Crawled caption data:
-- Opening Marker --

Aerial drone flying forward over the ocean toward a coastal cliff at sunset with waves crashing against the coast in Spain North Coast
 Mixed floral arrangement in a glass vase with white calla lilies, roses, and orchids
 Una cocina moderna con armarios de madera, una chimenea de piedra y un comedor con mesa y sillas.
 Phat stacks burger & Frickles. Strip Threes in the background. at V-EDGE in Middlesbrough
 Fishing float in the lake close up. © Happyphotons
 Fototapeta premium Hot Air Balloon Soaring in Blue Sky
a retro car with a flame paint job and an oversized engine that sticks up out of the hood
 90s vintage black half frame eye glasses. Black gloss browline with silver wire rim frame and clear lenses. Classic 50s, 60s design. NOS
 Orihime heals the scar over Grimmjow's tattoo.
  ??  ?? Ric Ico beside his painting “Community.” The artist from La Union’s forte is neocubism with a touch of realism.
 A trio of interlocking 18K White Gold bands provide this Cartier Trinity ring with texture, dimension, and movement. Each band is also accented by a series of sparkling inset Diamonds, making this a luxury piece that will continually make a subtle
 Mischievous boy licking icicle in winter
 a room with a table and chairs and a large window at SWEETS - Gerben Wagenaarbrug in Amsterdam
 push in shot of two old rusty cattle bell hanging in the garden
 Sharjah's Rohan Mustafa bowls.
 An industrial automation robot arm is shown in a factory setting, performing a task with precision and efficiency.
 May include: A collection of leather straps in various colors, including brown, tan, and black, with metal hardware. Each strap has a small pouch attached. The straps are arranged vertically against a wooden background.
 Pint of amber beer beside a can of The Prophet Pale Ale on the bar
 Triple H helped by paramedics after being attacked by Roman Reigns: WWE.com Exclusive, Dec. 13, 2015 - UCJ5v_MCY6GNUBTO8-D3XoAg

-- Closing Marker --

Assignment:
Find the line with "a retro car" in the entries above. Retype it and each line after it, exactly, through the line with "Orihime heals the", and stop there.

Output below:
a retro car with a flame paint job and an oversized engine that sticks up out of the hood
 90s vintage black half frame eye glasses. Black gloss browline with silver wire rim frame and clear lenses. Classic 50s, 60s design. NOS
 Orihime heals the scar over Grimmjow's tattoo.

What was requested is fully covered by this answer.